Earlier this week news broke of a controversial workshop entitled "How privilege manifests in tutorials" run at the University of Melbourne by the Student Union's Environment Collective. Those running the workshop argued that "white males" and students that look like "Liberal voters", should be discouraged from speaking to provide more space for women and non-binary people to contribute during tutorials.
The University of Melbourne failed to condemn this sort of racism. A spokeswoman from the university has merely said "This is a workshop run by UMSU," and "What is discussed is not university policy." This is a pathetic response. If the student union preached discrimination against anyone else other than "white males" the university would treat this matter seriously and launch an investigation rather than merely ignore it.

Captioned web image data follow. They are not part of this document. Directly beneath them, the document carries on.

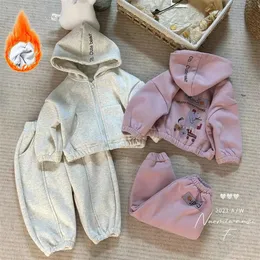 Childrens Fleece Suit Tracksuit Set for Boy Girl Baby Clothes Fall Sweatshirt Cartoon Bear Print Zipper Hoodie Pants Sportwear 240131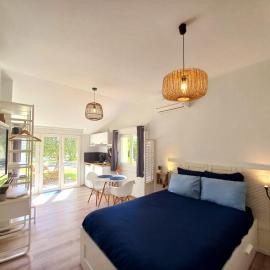 Studio cosy - Petit-déjeuner et jacuzzi en option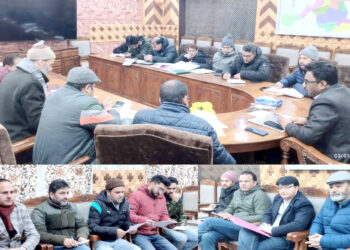 DC Kupwara reviews progress of JJM schemes, implementation of SASCI Scheme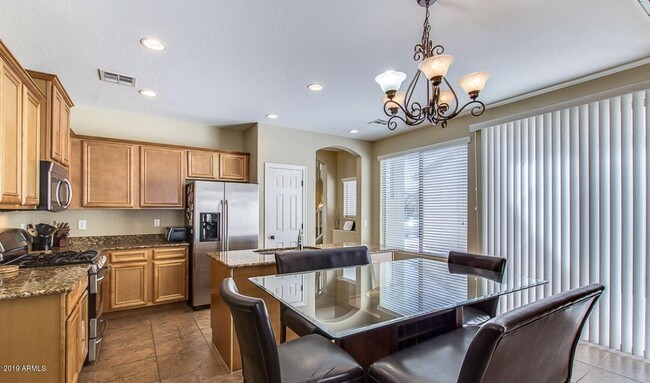 Foto del edificio - 14582 W Port Royale Ln
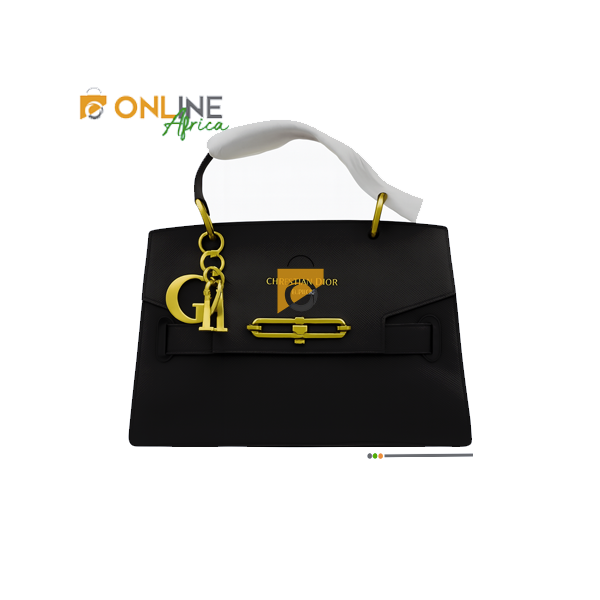 Image d’un sac à main Christian Dior pour femme en cuir blanc, avec détails dorés et logo emblématique, symbole d’élégance et de luxe.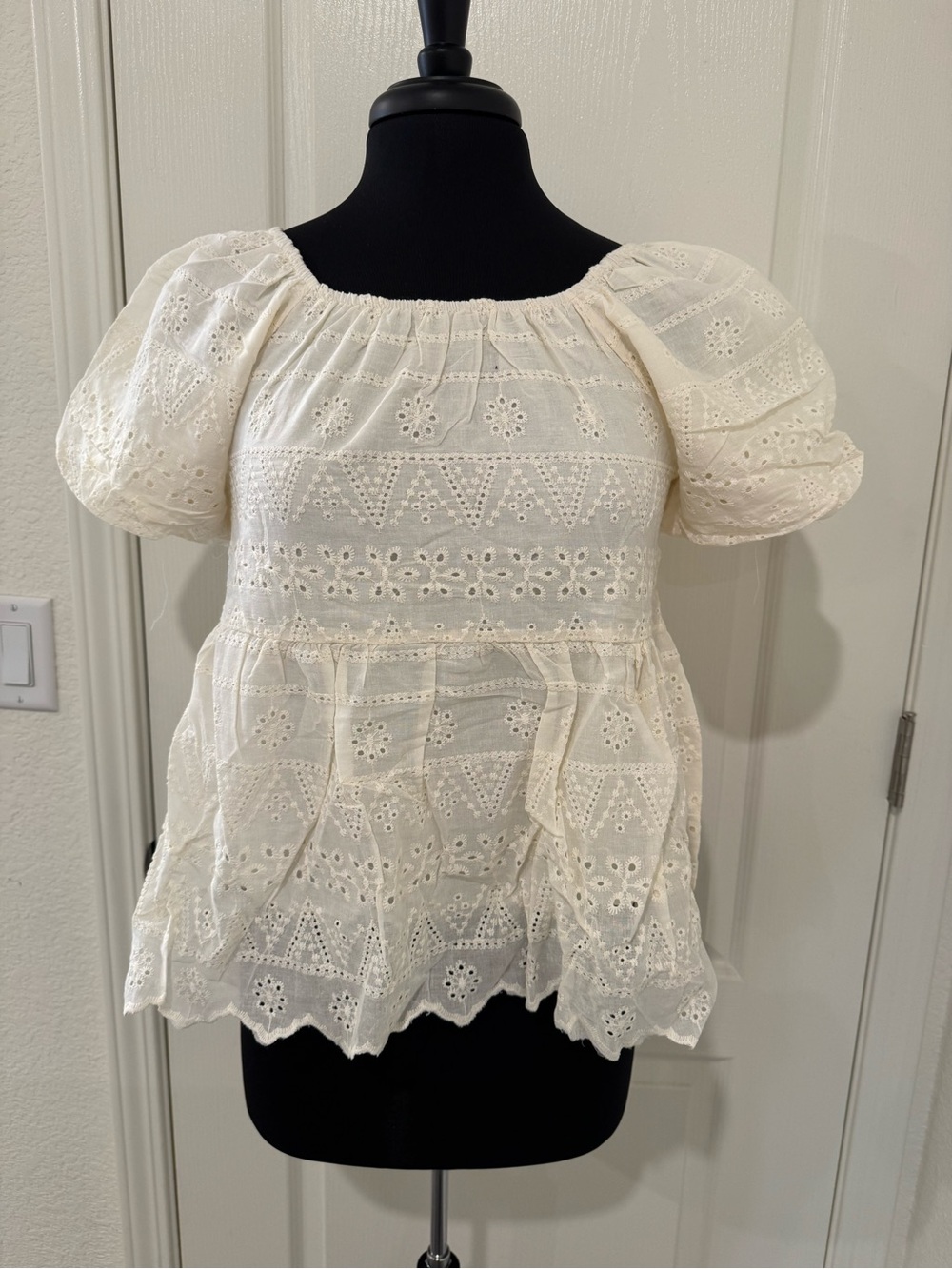 Eyelet Puff Sleeve Blouse - Cream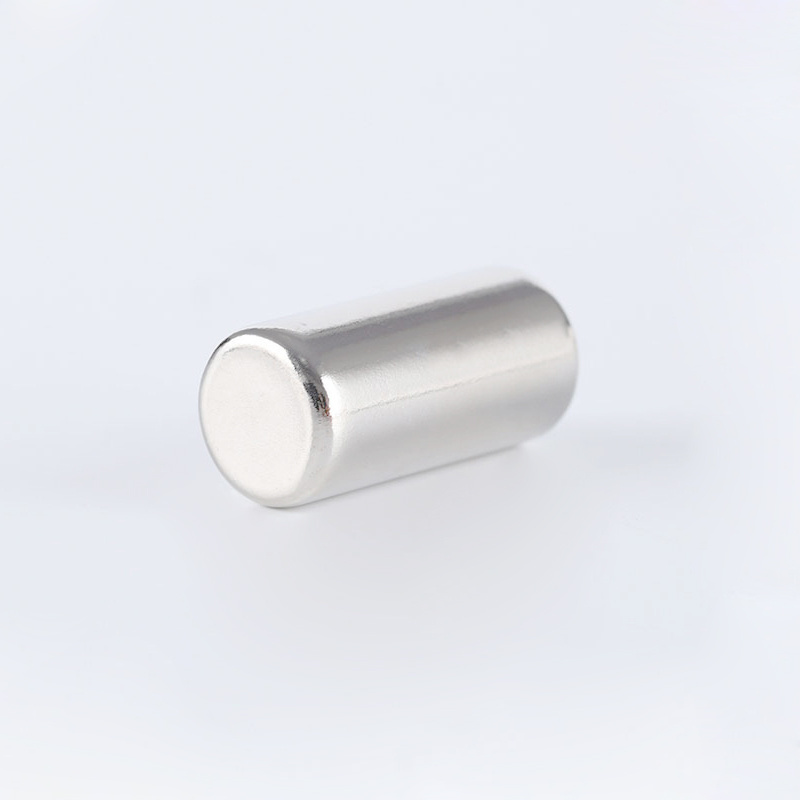 N52  Cylinder Magnetic Axial Diametrically Magnetized Round Cylinder Neodymium Magnet Materials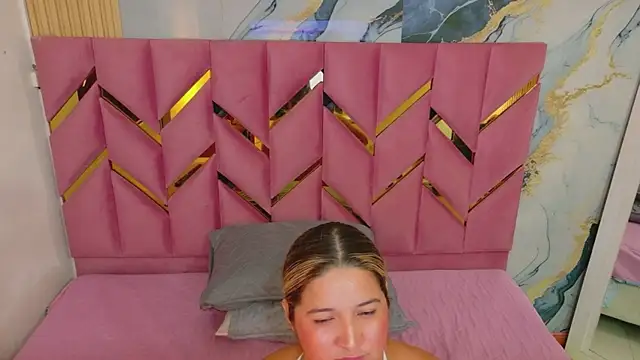 collegepawglovedaddy online show from 10, 4, 2026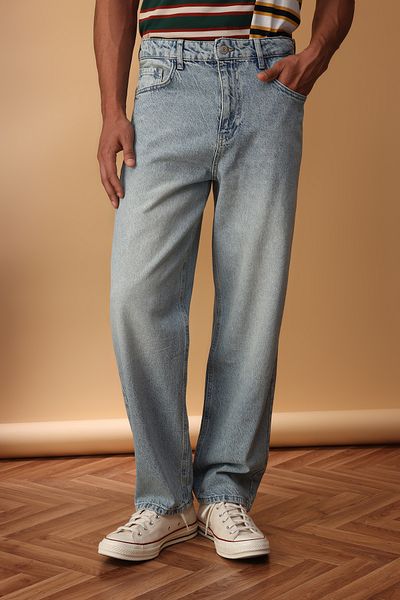 Trendyol Collection Blaue Baggy-Fit-Jeans-Jeans mit Distressed-Effekt TMNSS25JE00007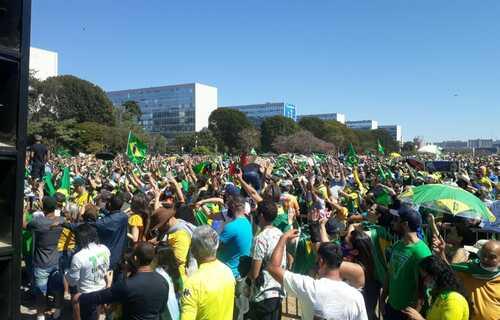 Manifestações pelo voto auditável reúnem pessoas em várias cidades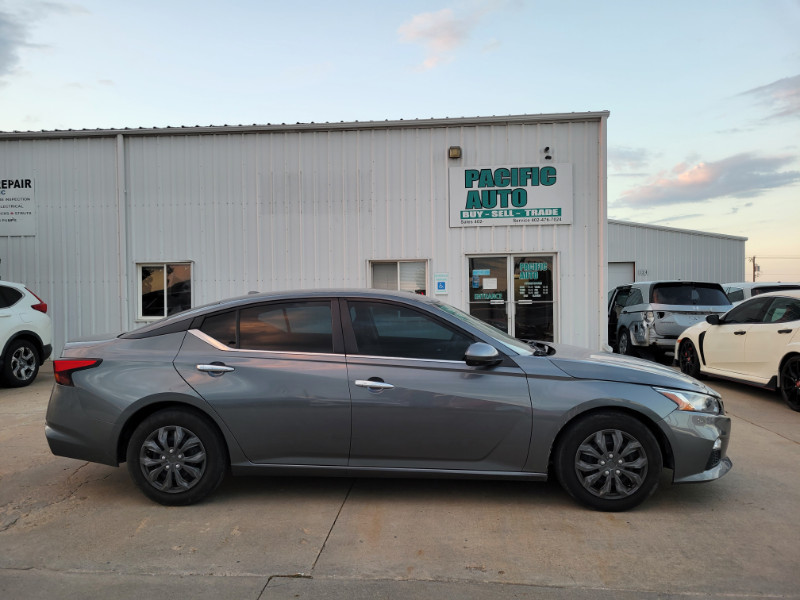 2020 Nissan Altima 2.5 S photo 8
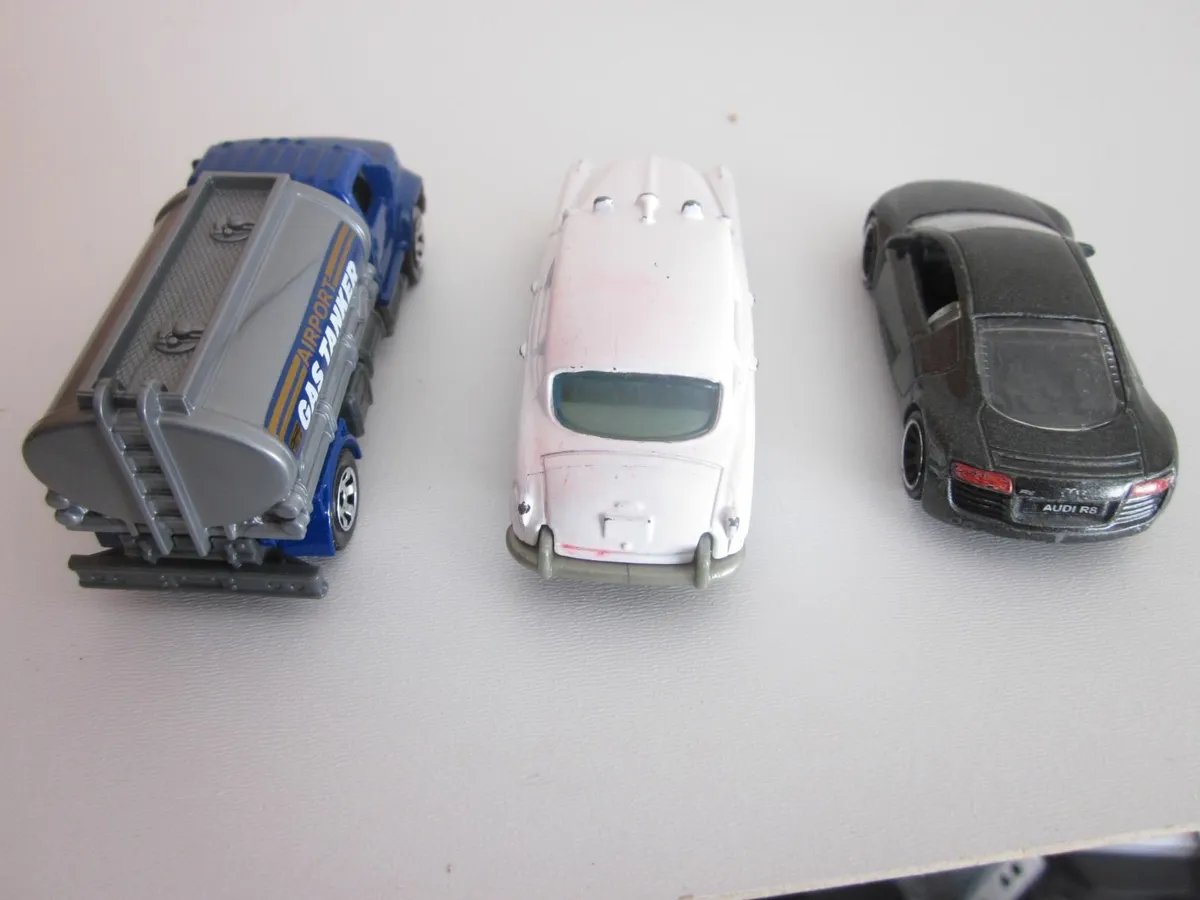 3 Matchbox Cars GasTanker/ '51 HudsonHornett/Audi - Image 3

What is worse is this is not the only example, we saw similar inaction from the University of Sydney when the union debating club released a system of quotas that actively discriminated against white male students.
Demanding that people "that look like liberal voters" must remain silent reveals the true intent of those running this workshop and pushing this agenda. It is not a means to achieve equality or end discrimination, but rather a quest to silence political dissent, an attempt to quieten the rebels and iconoclasts pushing back against the enforced intellectual consensus prevalent on campus today.
Apart from being incredibly sexist and racist to white male students, it is hard to see how this identity politics is at all empowering to young women. This policy is incredibly patronising and insulting to women. This workshop, whilst in a rush to paint all white men and conservatives as the enemy, also implied that women attending higher education are so fragile, such sweet delicate flowers, that a male simply sharing their ideas in a tutorial would scare them into silence. This is not empowerment; it is condescending puritanical nonsense that belongs back in the 19th century.
The contradictions are also apparent. The point of this "affirmative-action" style discrimination is to empower women, but what if a woman happens to look like a "Liberal voter". Presumably that means that they must join their fellow white male deplorables in silence. This would also be true of non-white Liberal voters, though the organisers probably view the world in such a blinkered and racist way as to not allow for the existence of such an individual. Identity politics wants everyone to fit a stereotypical mold.
The workshop was organized by the University of Melbourne Student Union and forms part of a broader push to silence alternate views on campus driven by the National Union of Students.
The real outrage is these radical student activists are funded by an enforced tax on students in the form of the $294 Student Services and Amenities Fee (SSAF). Introduced by the Gillard government in 2011, the SSAF amounts to a concealed form of compulsory student unionism. It would have been politically impolite for Labor to reintroduce something as draconian as compulsory unionism, so instead they draped it in the legitimacy of a "services fee". The pretense is only skin-deep, for the money is flagrantly appropriated to political purposes.
In 2017 at the University of Sydney student funds were used to purchase a giant inflatable rat for a protest attended by the more radical staff and students, the "service" being to push a divisive agenda many students disagreed with. And in 2016, again at USYD, SSAF money was used to purchase 50 pizzas to "show solidarity" with the activists Place de Republique, in Paris. The examples are endless, the radical left union spends student money with impunity, even using it to pay off parking fines for their higher ranking members, and they will continue to do so if we do not return to a system of genuine Voluntary Student Unionism.
The SSAF has led to a situation where white male students pay a fee for workshops that actively discriminate against them. Conservative, Christian and Libertarian societies pay a fee to have the union ban or protest their events. It is true that other groups can get access to the SSAF funds but not without the union's permission. All clubs, groups, events that use shared spaces and funds for club events must be approved by the student union. While they continue to make frivolous purchases.
This is not to say that student unions don't have every right to run workshops on whatever topics they choose, even if they are full of repugnant and discriminatory identity politics. But not when these funds are taken from students compulsorily and then denied to those presenting minority opinions. There is plenty of hope for the future as many students are pushing back against the enforced consensus, but we need to remove these artificial barriers so that the free intellectual debate that so enriches the university experience can be fought out on a level playing field.